Off the top of my head, there's also Magicite and UnEpic, which I got in Early Access and which have since been fully released. Don't Starve, Full Mojo Rampage, Drunken Robot Pornography, and State of Decay were good games that I got after full release. I tried to find a list of all early access games that have gotten a full release, at least in name, but I couldn't find anything comprehensive.
I can think of heaps of games I've gotten DRM free or through Desura that have subsequently been greenlit and had updated versions released on Steam. Vox is the only one that comes to mind that disappointed me, but I can't think of any that have been abandoned at the moment. It's entirely possible this is my biased perception, but it seems to me that games that go that route either fizzle away into nothingness fairly early or make it to a reasonable release.
I've been growing more disillusioned with early access for a while, but projects being abandoned wasn't really the reason. It's portrayed as being a way to support the devs, and of course on some level it is, but I feel more and more like it's a way to get impulse buys before anything else. In an age of gaming where gamers have a million games to choose from and a million reviews of a game at their fingertips, where indie games are often considered overpriced if they're over $10, where Steam sales and dirt-cheap bundles are the norm, it's understandable that devs need money and will give incentives to people to get them to buy their game. It makes sense that one of those incentives could be to play early versions. I just think that a fair number of devs go to early access too quickly.
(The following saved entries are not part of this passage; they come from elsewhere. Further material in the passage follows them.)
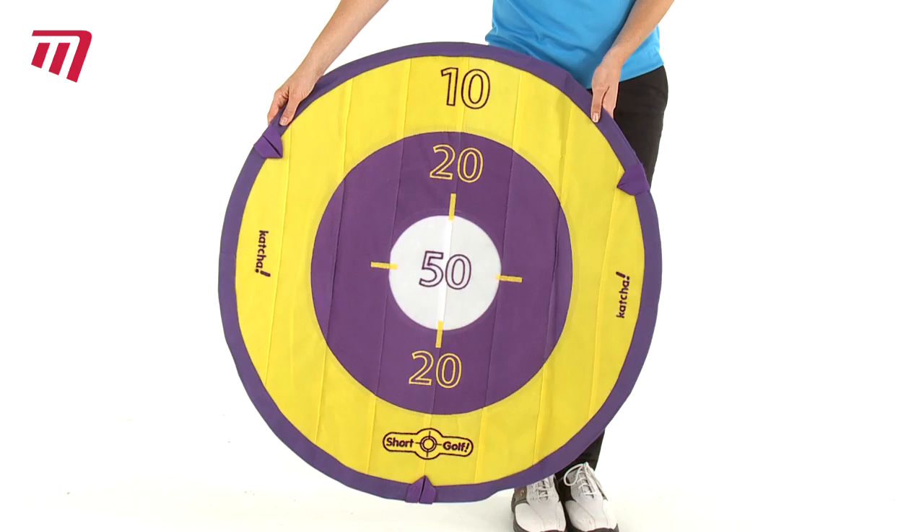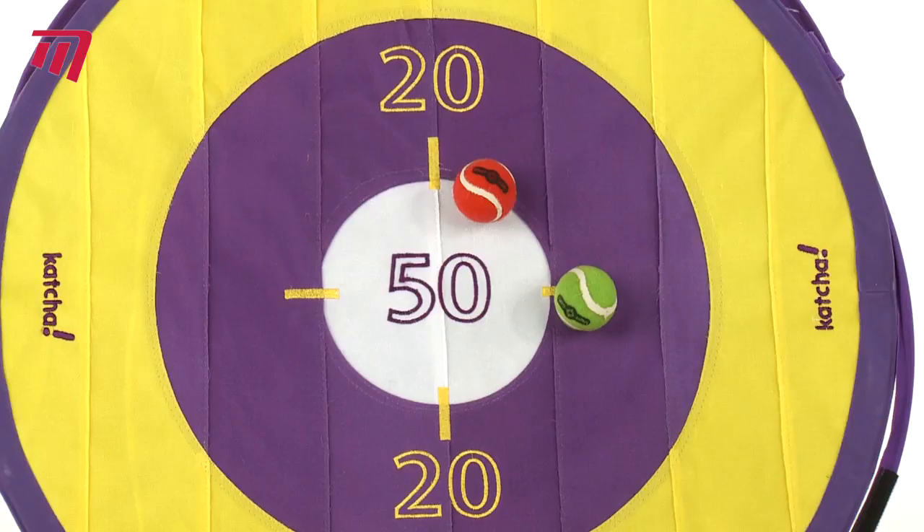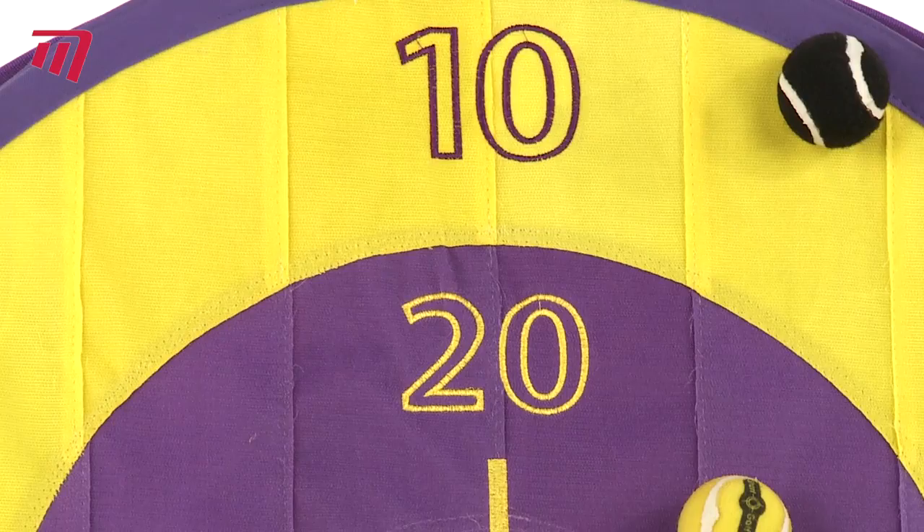The Short Golf Catcher Target is the ideal way to improve accuracy in your short golf game. Attaching simply to your Gotcha Target with Velcro backing and straps, its high visibility scoring zones make short golf practice easy and fun.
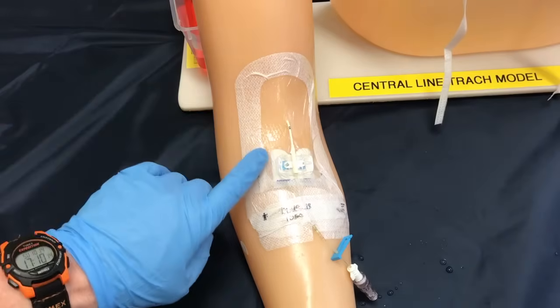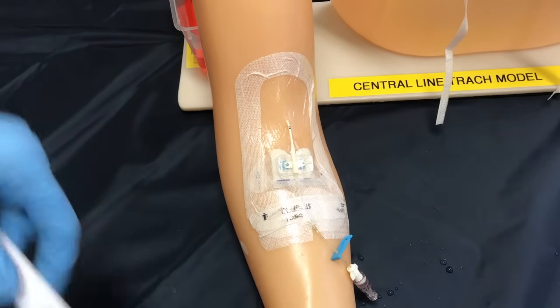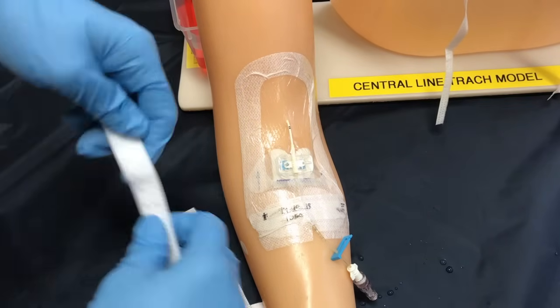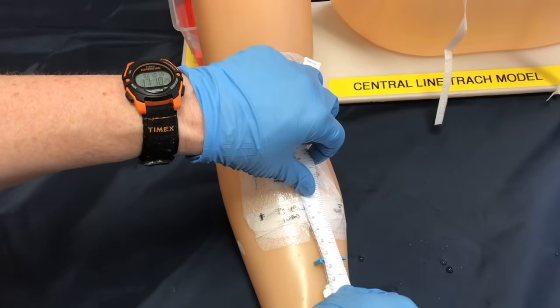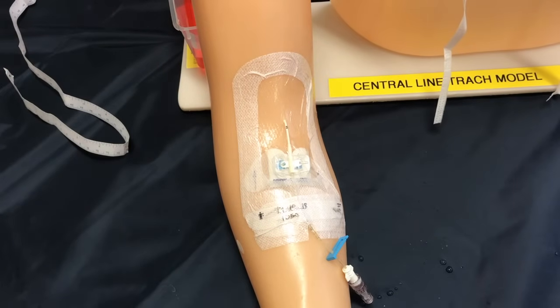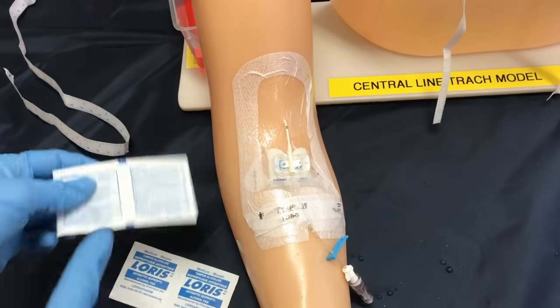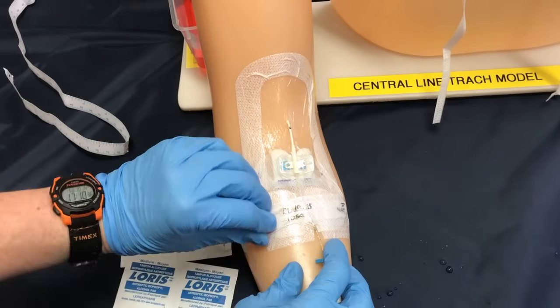With every assessment we take a look at the site to make sure that there's no irritation, swelling, or edema, and we can ask our patient if there's any pain. We're going to do a measurement — we're at 13 centimeters — so that when we're done we're also at 13 centimeters. I'm going to need my alcohol swabs and my clean gloves, and we're going to start by taking off this dressing.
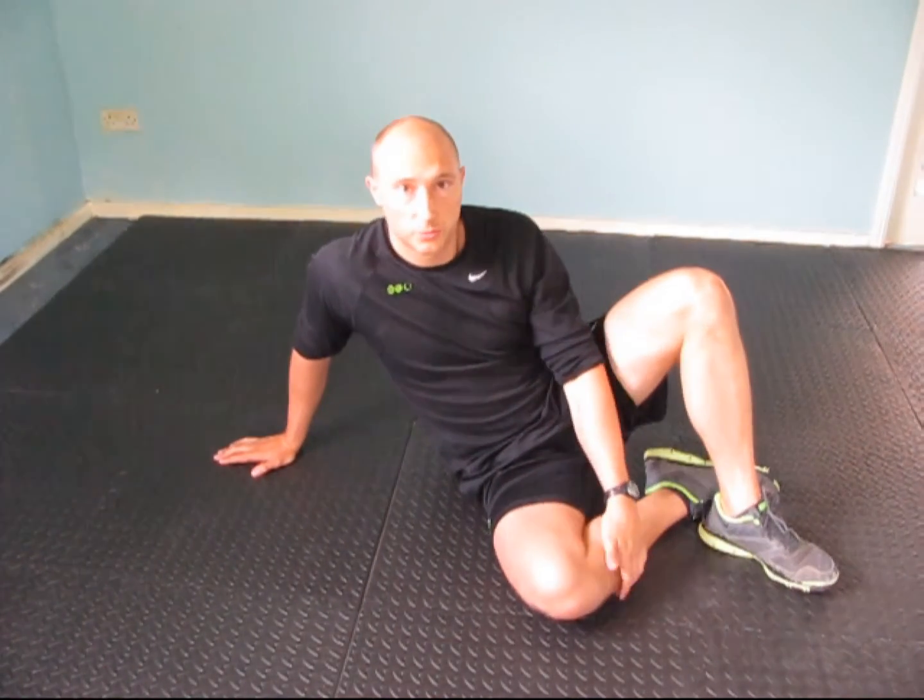Next we're going to test the adductors. What we're going to do is test to see whether the left side and the right side are similar in terms of their flexibility. We're going to lie onto the back, go out into an adductor stretch, and then you're going to get someone to measure from the knee to the floor to see whether the right side is equivalent to the left side.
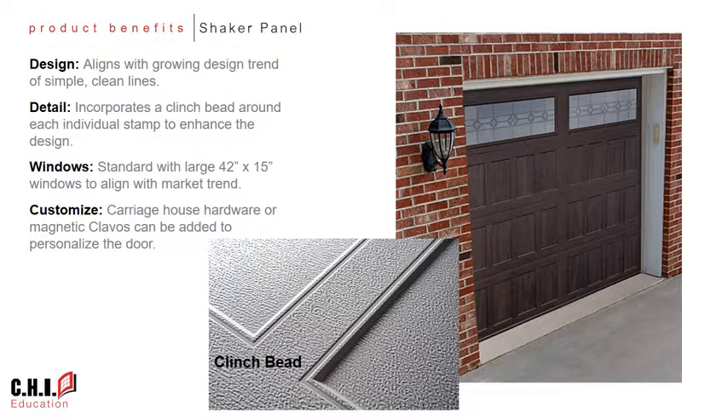Another benefit of the Shaker panel is it lends itself well to adding windows as a design attribute, aligning with that trend in the industry. Consumers are looking to maximize the size of windows that are available, therefore the standard window option for this product is the large 42 by 15 inch window that we use for our stamped carriage house doors. This product can also be customized by adding carriage house hardware or magnetic clavos to further personalize the door for each consumer.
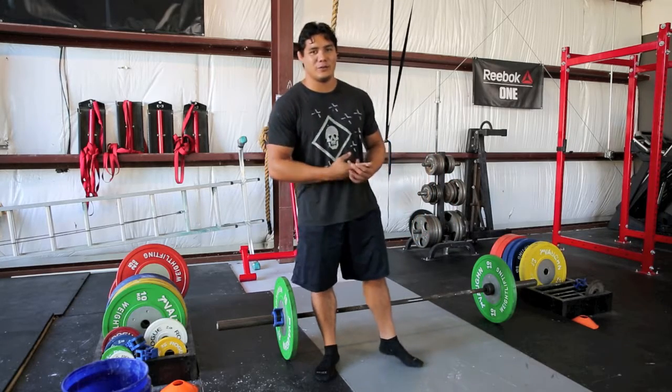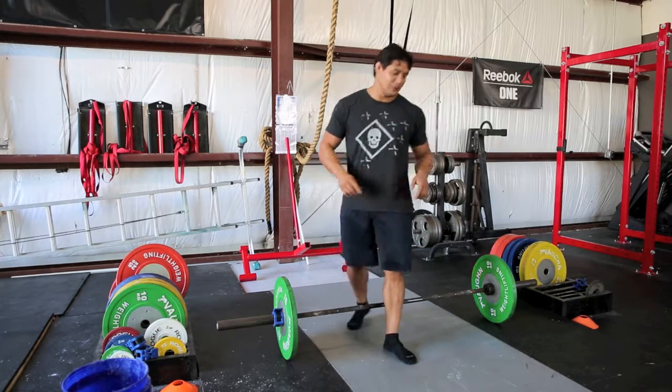What's up guys? Nick here, American Sled Dogs, Virginia Beach. Back to the deadlift setup, our SUBO deadlift setup here.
You have one game that's got all the mechanics implemented and just needs balancing and bugfixing, another that's pretty rough but playable, a third that's fun when it works but severely buggy, and a fourth that's a title screen held up by hopes and dreams. It's a little harder to get good reviews for an early access game than a proper release, so you can't always tell the difference from outside, and you're already biased towards getting it because you've just seen the most amazing game idea you never knew you wanted. It's the reason part of me still craves Castle Story when I haven't pre-ordered Binding of Isaac: Rebirth. There's that instant gratification factor. That's definitely something I and other gamers should be wary of, but I do think that some devs realize that and take advantage of it a bit.
...wow, I'm tired. Hopefully this makes sense to someone other than me.